Francis Fukuyama
Francis Fukuyama (GDA via AP Images)

In an act of wanton aggression with the invasion of Ukraine, Russian leader Vladimir Putin has thrust the West back into an ideological and military conflict that Europeans and Americans thought they had put behind them decades ago. Although not a rebirth of the original Cold War battle against global Communism that ended in victory for the West in 1991 with the dissolution of the Soviet Union, the current conflict is shaping up to be a similar generational fight between liberal democracy and authoritarianism. 

Liberalism and Its Discontents
By Francis Fukuyama
Farrar, Straus and Giroux, 192 pp.

On one side are the United States and most of Europe. On the other are Russia, China, and various forces of illiberalism within Western nations themselves.
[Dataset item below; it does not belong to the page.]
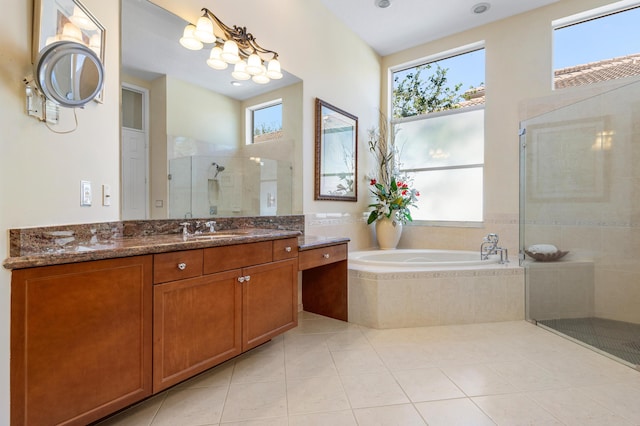 full bath featuring a stall shower, a garden tub, vanity, and tile patterned floors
To win this conflict, liberals must once again prove to the world—with brains and brawn—that political orders based on individual rights, market economies, constitutional rules, value pluralism, reason, and basic decency are superior to those maintained through force, internal fear and propaganda, and widespread corruption. 

This intellectual struggle might seem like a slam dunk for liberal societies because of their successes throughout history. Liberal nations defeated both fascism and Communism and worked cooperatively to create decades of rising growth and expanding prosperity for people in America and Europe. But with mounting internal political divisions in our countries—fueled by new digital forces of propaganda, extremism, and mis-information—it’s not at all clear that proponents of liberalism are adequately prepared to win the fights ahead. Liberals will clearly need to better understand and counter their internal critics, as well as outside enemies like Russia and China, if they want to defend a system of thought and governance that has survived since the Enlightenment. Western defenders of liberalism must make a strong case for liberal renewal in the face of multiple self-inflicted economic and political crises—mishandled military efforts in the Middle East, market meltdowns, rising inequality, and political polarization. If not, post-liberal forces on the right and left seeking to either upend or replace a political system based on pluralism, constitutional freedoms, and individual rights will continue to gain strength.

America and the world will need good generals to help steer people through the ideological battles to come, people armed with historical insight and a genuine normative commitment to liberal values of equal dignity and rights for all. 

There are few people better able to lead this intellectual fight than Francis Fukuyama. 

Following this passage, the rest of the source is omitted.